Hey guys,
I’ve been beating my head over this for the last few days and I can’t figure out why mex file doesn’t want to work for large Matlab matrices.
I call my code in MatLab by calling “cudaadd(a,b,c … and how many ever matrices you want)” if one matrix is given then a copy of that matrix is returned. The importance of this statement is because submitting a large matrix returns a copy of that large matrix no problem. So the problem must be when I am adding these large matrices.

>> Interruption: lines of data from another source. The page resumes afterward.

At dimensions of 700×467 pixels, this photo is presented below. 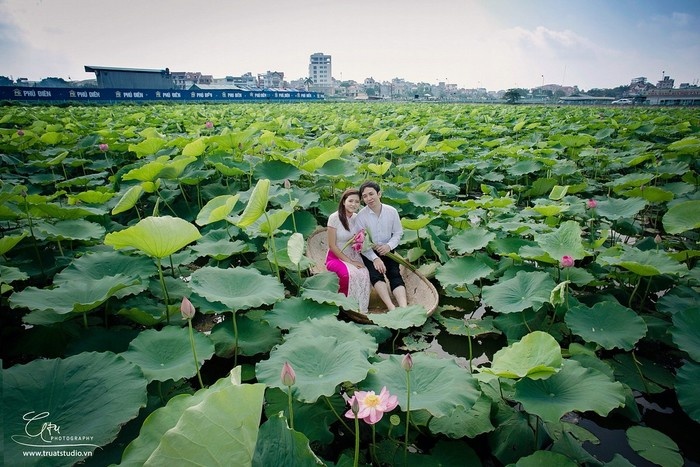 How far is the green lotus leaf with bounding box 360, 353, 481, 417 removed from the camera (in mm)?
1236

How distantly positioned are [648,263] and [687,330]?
0.58 meters

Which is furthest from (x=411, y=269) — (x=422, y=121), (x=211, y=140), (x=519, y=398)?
(x=422, y=121)

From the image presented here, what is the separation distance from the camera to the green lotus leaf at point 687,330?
166 centimetres

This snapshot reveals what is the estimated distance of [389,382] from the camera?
4.45ft

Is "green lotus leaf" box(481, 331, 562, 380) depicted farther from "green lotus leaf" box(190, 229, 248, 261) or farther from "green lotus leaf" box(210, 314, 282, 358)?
"green lotus leaf" box(190, 229, 248, 261)

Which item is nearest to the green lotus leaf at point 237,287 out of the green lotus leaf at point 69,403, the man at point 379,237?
the green lotus leaf at point 69,403

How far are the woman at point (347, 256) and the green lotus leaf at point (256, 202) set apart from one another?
0.88 m

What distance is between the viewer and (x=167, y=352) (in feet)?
5.09

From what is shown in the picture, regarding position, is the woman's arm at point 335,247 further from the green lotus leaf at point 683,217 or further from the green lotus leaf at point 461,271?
the green lotus leaf at point 683,217

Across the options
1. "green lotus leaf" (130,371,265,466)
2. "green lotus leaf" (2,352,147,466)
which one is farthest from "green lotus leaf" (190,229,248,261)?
"green lotus leaf" (130,371,265,466)

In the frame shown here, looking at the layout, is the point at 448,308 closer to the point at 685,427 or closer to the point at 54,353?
the point at 685,427

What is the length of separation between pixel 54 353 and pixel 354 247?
182 centimetres

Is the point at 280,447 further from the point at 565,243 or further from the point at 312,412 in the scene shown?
the point at 565,243

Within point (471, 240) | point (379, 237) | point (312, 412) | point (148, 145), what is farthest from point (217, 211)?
point (148, 145) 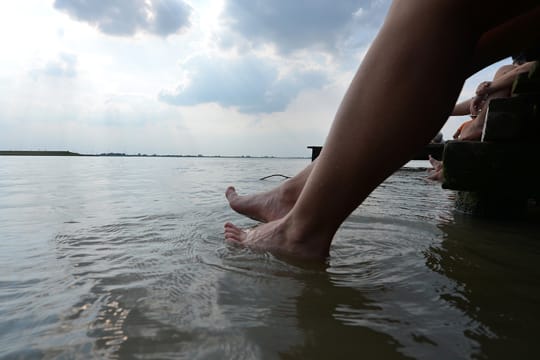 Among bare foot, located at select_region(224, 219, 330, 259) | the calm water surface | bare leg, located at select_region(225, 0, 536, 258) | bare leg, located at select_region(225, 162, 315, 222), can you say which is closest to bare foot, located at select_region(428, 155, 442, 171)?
the calm water surface

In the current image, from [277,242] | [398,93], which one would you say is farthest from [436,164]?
[398,93]

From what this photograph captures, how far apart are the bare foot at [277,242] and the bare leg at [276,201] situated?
1.07 ft

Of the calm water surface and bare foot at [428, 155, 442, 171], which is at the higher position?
bare foot at [428, 155, 442, 171]

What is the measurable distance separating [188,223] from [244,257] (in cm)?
71

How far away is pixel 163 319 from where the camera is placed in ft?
2.16

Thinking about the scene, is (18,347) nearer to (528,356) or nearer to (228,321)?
(228,321)

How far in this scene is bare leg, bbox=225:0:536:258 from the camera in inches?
25.9

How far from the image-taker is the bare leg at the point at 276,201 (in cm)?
168

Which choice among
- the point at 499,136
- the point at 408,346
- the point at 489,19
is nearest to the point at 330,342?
the point at 408,346

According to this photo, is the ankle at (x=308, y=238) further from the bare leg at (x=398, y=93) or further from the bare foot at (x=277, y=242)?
the bare leg at (x=398, y=93)

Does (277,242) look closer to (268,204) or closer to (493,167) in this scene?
(268,204)

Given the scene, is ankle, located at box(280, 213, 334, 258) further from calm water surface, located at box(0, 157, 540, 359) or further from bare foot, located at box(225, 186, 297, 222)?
bare foot, located at box(225, 186, 297, 222)

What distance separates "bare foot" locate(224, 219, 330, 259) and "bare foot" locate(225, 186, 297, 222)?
0.32m

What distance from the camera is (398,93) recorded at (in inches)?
27.2
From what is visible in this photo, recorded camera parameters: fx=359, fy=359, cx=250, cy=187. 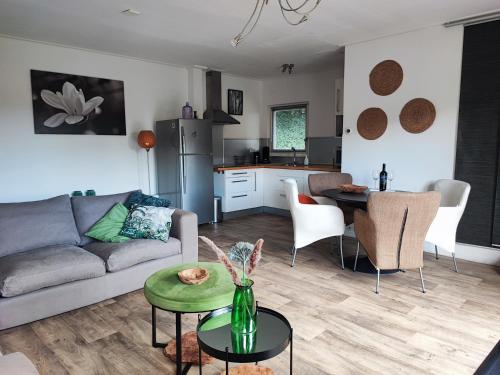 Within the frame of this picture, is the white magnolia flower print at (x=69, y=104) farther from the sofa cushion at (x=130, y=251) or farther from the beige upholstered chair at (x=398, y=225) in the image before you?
the beige upholstered chair at (x=398, y=225)

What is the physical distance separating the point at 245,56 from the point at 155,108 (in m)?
1.63

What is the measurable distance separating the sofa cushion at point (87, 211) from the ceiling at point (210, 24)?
1796mm

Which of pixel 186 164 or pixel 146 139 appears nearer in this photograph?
pixel 146 139

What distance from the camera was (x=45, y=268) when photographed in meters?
2.56

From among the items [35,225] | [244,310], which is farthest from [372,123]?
[35,225]

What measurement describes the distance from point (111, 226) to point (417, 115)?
350 cm

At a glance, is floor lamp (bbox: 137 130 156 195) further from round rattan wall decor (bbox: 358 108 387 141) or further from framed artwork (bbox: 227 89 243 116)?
round rattan wall decor (bbox: 358 108 387 141)

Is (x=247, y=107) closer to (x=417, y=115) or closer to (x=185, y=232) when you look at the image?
(x=417, y=115)

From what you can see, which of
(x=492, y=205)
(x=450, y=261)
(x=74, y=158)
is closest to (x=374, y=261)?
(x=450, y=261)

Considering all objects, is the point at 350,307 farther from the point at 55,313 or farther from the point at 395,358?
the point at 55,313

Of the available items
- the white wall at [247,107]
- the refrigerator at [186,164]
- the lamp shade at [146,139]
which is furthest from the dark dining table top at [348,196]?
the white wall at [247,107]

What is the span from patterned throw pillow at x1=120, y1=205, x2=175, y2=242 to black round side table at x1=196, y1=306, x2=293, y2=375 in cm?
152

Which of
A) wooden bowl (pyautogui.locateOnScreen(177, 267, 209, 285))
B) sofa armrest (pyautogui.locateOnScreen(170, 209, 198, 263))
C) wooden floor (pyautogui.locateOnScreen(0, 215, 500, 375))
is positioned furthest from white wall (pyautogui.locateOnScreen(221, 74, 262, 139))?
wooden bowl (pyautogui.locateOnScreen(177, 267, 209, 285))

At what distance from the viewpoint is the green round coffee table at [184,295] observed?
1.81 metres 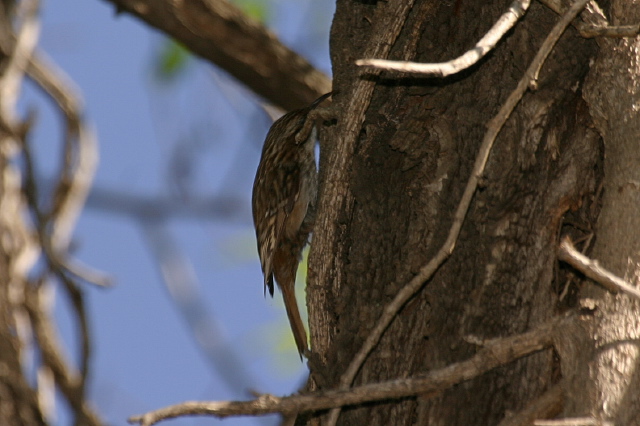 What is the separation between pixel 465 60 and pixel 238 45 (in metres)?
2.55

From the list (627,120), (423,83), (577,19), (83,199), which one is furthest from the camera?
(83,199)

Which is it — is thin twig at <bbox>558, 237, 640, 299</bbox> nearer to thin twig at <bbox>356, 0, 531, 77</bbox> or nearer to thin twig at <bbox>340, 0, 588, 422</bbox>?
thin twig at <bbox>340, 0, 588, 422</bbox>

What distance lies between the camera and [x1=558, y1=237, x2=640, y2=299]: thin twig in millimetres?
1798

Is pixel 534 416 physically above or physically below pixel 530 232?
below

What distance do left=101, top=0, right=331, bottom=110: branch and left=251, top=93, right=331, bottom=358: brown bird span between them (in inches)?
20.7

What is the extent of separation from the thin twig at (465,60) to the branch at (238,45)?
7.59 ft

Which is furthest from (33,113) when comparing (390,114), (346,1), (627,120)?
(627,120)

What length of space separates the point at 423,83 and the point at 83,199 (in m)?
2.31

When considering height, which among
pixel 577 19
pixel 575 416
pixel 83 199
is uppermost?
pixel 83 199

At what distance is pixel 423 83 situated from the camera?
2.33 m

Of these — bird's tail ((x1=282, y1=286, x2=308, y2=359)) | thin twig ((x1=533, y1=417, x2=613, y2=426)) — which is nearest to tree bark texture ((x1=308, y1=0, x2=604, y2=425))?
thin twig ((x1=533, y1=417, x2=613, y2=426))

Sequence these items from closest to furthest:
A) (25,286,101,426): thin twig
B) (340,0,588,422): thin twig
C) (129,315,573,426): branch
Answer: (129,315,573,426): branch < (340,0,588,422): thin twig < (25,286,101,426): thin twig

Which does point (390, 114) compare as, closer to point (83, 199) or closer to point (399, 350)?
point (399, 350)

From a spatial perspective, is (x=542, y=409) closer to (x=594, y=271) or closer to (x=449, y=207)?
(x=594, y=271) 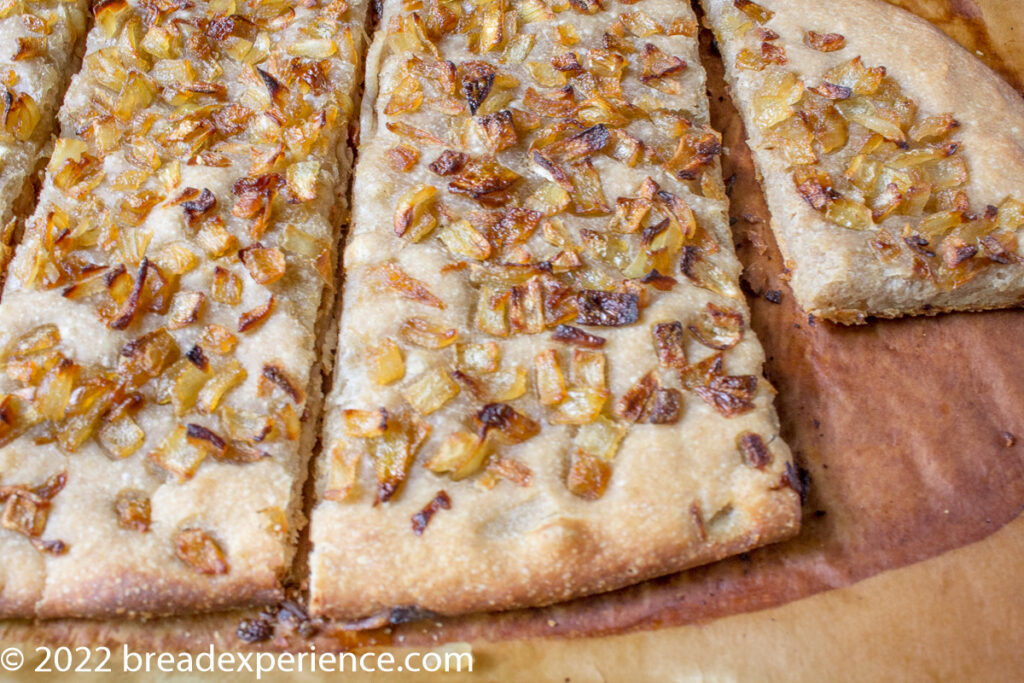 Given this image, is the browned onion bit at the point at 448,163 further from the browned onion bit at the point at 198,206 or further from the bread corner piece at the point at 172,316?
the browned onion bit at the point at 198,206

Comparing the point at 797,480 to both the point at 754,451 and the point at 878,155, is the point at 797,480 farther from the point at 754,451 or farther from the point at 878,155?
the point at 878,155

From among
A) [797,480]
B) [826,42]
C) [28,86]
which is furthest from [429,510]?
[826,42]

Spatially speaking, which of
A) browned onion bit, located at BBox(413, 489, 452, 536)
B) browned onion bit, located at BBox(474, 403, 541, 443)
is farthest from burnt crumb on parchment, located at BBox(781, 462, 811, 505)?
browned onion bit, located at BBox(413, 489, 452, 536)

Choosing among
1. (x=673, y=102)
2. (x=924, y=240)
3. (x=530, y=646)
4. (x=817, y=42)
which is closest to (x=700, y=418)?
(x=530, y=646)

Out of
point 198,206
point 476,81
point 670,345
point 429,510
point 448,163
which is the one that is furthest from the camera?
point 476,81

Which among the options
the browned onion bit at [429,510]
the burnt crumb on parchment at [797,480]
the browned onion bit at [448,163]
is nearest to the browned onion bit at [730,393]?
the burnt crumb on parchment at [797,480]

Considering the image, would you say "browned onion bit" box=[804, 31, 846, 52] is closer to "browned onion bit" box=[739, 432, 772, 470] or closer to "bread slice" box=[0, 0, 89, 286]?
"browned onion bit" box=[739, 432, 772, 470]

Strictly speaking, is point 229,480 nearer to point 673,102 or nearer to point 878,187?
point 673,102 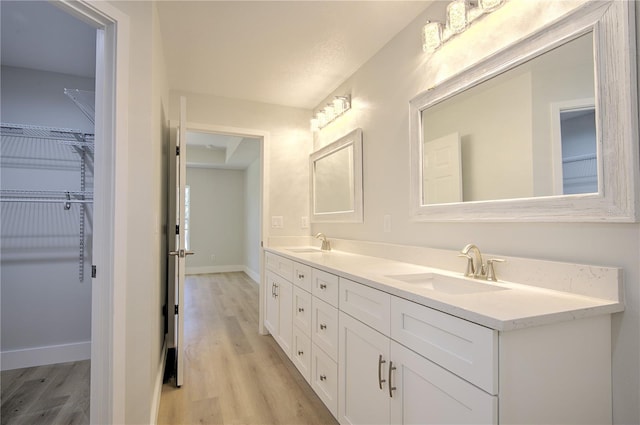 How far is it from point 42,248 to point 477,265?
9.99 feet

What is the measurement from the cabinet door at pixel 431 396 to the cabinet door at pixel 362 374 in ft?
0.19

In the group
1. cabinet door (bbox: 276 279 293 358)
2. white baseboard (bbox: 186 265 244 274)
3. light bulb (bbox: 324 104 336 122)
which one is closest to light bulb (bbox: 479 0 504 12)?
light bulb (bbox: 324 104 336 122)

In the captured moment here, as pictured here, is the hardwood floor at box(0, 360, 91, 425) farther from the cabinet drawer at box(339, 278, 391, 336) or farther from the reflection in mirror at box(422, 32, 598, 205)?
the reflection in mirror at box(422, 32, 598, 205)

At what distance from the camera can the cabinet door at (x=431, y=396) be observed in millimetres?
866

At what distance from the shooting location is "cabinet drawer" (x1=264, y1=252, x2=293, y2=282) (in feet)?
7.97

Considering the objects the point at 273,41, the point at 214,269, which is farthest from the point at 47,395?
the point at 214,269

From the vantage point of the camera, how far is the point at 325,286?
5.97 feet

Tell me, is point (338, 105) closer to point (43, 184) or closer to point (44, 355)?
point (43, 184)

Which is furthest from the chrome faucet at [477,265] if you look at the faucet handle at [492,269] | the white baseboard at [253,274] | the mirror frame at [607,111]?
the white baseboard at [253,274]

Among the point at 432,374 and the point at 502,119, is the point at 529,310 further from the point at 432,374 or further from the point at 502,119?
the point at 502,119

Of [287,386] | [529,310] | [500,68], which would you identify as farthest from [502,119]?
[287,386]

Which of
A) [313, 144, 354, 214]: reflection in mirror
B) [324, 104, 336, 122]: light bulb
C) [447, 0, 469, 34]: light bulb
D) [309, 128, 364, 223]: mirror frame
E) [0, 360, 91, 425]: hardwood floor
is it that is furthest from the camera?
[324, 104, 336, 122]: light bulb

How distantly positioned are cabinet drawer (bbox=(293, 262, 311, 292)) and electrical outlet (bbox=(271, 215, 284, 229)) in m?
1.03

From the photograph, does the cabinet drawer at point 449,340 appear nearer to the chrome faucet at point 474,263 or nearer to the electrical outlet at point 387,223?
the chrome faucet at point 474,263
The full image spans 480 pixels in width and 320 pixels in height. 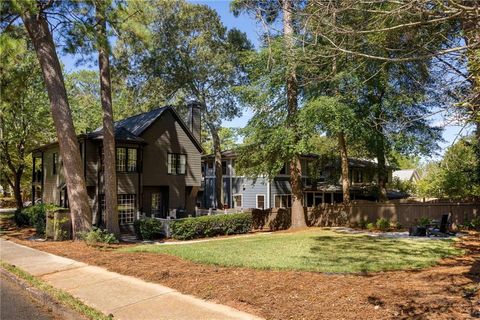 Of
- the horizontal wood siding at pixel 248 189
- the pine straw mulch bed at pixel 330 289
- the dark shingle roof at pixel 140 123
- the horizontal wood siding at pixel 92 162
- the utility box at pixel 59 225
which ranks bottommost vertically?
the pine straw mulch bed at pixel 330 289

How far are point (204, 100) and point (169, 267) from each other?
27561 mm

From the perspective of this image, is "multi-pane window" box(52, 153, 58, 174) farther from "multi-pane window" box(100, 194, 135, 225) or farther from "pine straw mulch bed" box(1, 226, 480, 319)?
"pine straw mulch bed" box(1, 226, 480, 319)

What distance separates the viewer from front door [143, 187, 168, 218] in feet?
85.0

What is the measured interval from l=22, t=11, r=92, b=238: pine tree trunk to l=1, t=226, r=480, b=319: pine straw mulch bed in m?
6.07

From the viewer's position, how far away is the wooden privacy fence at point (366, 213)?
66.6 ft

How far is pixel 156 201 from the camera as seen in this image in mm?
26578

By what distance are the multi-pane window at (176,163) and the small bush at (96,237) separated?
1098 centimetres

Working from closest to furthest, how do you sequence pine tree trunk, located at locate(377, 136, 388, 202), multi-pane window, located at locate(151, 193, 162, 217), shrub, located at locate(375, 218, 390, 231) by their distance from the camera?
shrub, located at locate(375, 218, 390, 231)
pine tree trunk, located at locate(377, 136, 388, 202)
multi-pane window, located at locate(151, 193, 162, 217)

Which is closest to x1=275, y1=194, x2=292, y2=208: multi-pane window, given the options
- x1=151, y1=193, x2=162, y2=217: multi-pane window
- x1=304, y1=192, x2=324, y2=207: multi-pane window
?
x1=304, y1=192, x2=324, y2=207: multi-pane window

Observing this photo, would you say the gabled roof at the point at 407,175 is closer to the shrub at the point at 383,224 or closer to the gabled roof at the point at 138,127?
the shrub at the point at 383,224

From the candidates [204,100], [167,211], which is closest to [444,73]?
[167,211]

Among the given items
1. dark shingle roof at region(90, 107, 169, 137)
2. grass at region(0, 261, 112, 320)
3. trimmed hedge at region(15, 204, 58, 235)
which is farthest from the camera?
dark shingle roof at region(90, 107, 169, 137)

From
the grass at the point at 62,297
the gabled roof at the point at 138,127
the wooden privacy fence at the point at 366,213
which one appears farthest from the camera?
the gabled roof at the point at 138,127

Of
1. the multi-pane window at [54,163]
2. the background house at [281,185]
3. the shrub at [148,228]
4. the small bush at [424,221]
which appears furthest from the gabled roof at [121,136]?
the small bush at [424,221] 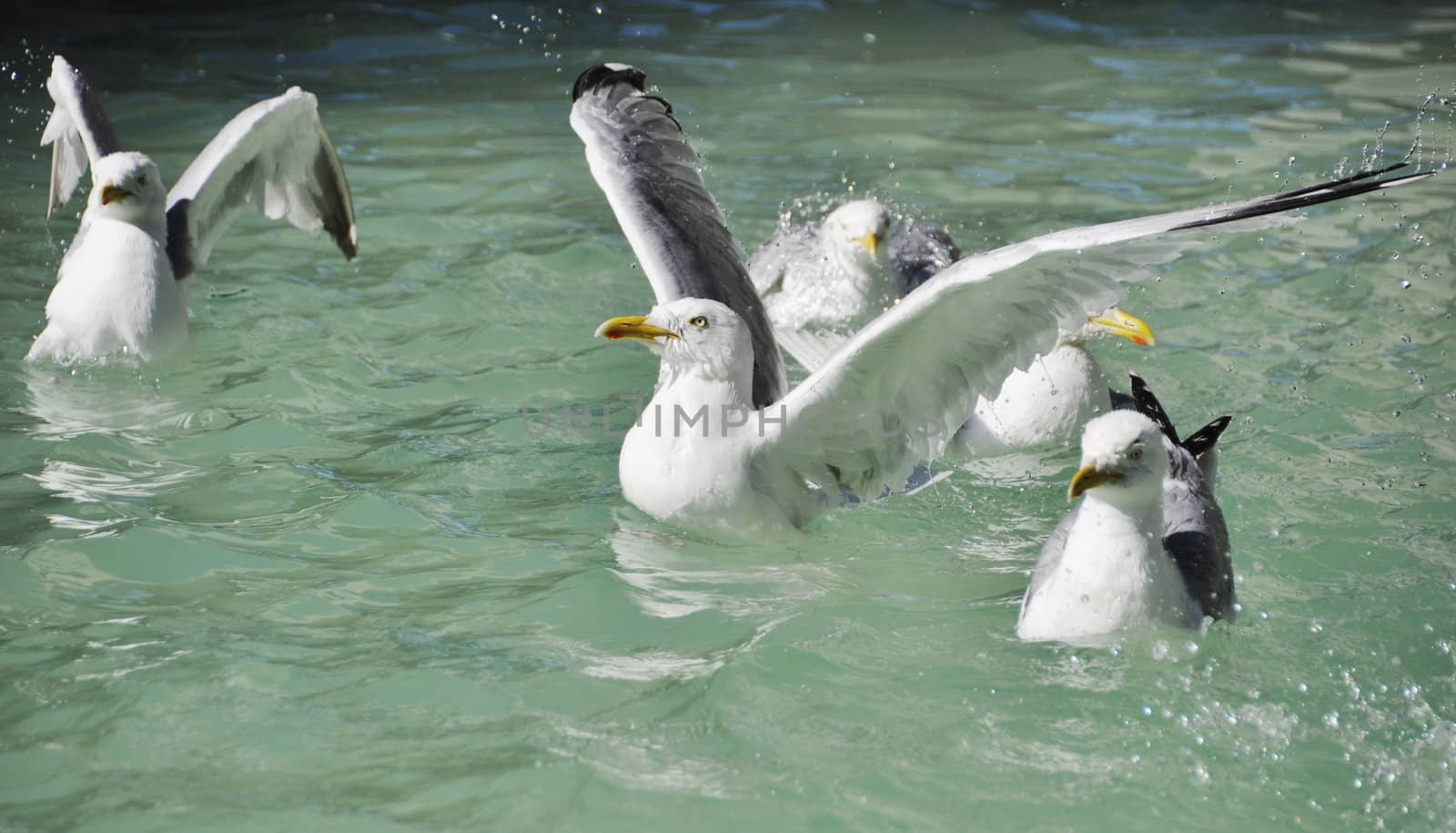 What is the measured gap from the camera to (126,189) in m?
6.46

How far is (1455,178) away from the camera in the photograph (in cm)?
918

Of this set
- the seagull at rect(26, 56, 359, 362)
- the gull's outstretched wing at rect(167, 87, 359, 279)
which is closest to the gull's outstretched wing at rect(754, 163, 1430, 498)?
the seagull at rect(26, 56, 359, 362)

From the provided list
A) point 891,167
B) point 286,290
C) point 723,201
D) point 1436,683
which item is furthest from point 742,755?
point 891,167

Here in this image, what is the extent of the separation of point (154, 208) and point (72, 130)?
3.63 feet

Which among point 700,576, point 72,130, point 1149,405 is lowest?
point 700,576

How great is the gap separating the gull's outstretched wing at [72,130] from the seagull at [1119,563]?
4598 mm

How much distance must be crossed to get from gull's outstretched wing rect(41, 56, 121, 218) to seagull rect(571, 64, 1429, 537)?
2.65m

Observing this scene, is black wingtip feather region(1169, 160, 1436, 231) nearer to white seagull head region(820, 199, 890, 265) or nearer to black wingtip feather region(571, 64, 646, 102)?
white seagull head region(820, 199, 890, 265)

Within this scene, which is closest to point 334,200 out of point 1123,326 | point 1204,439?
point 1123,326

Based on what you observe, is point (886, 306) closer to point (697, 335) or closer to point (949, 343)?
point (697, 335)

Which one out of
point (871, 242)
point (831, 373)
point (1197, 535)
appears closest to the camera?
point (1197, 535)

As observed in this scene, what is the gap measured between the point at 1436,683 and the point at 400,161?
262 inches

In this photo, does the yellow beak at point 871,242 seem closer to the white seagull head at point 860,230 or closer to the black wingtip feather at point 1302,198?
the white seagull head at point 860,230

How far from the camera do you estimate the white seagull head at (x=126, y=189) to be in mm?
6410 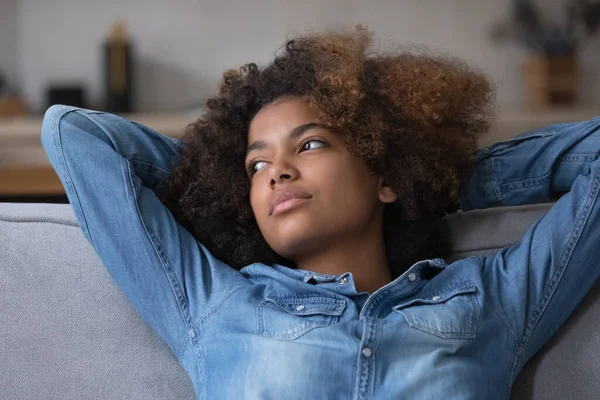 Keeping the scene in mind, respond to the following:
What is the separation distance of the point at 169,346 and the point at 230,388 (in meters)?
0.16

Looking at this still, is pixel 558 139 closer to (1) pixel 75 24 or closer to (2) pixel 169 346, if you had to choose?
(2) pixel 169 346

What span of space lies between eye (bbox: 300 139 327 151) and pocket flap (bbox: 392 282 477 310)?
0.96 ft

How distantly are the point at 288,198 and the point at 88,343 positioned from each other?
1.30 ft

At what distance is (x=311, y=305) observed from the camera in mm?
1236

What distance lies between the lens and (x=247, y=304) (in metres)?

I get values returned to Matlab that don’t make sense, such as 850 (I am adding two matrices made with 100 * rand(1000), so they only have values between 1-100.) Any help would be appreciated
The code:
#include "cuda.h"
#include "mex.h"
#include <string.h>
#include <unistd.h>
// Simple utility function to check for CUDA runtime errors
void checkCUDAError(const char* msg);
/* Kernel to add the array on the GPU */
__global__ void gpuadd(float* result, float* nextMatrix, int size)
{
/* calculate which element we should be adding */
int x = blockIdx.x*blockDim.x + threadIdx.x;
int y = blockIdx.y*blockDim.y + threadIdx.y;
int idx = x*y + x;
/*make sure x < sizeX && ycoord < sizeY*/
if(idx < size)
result[idx] = result[idx] + nextMatrix[idx];
}
/*Gateway function */
void mexFunction(int nlhs, mxArray *plhs[], int nrhs, const mxArray *prhs[])
{
/* whatever data i need to allocate */
double *result, *nextMatrix; /*hold the results */
float *resultf, *nextMatrixf; /* arrays to hold float conversion of the data */
float *resultGPU, *nextMatrixGPU; /* pointers for data on GPU */
int size, rowLen, colLen; /*hold our matrix size, which should be the same for all */
int floatsize; /* size of float in bytes */
dim3 dimGrid, dimBlock; /* holds the CUDA thread block size and size of grid */
/*get all arrays to add*/
if(nlhs > 1)
mexErrMsgTxt("Need only 1 output.");
else if(nrhs == 0)
mexErrMsgTxt("Please specify what matrices to add");
else
{
/* get the dimension and check that all matrices have the same dimension */
rowLen = mxGetM(prhs[0]);
colLen = mxGetN(prhs[0]);
for(int i = 1; i < nrhs; i++)
if(rowLen != mxGetM(prhs[i]) || colLen != mxGetN(prhs[i]))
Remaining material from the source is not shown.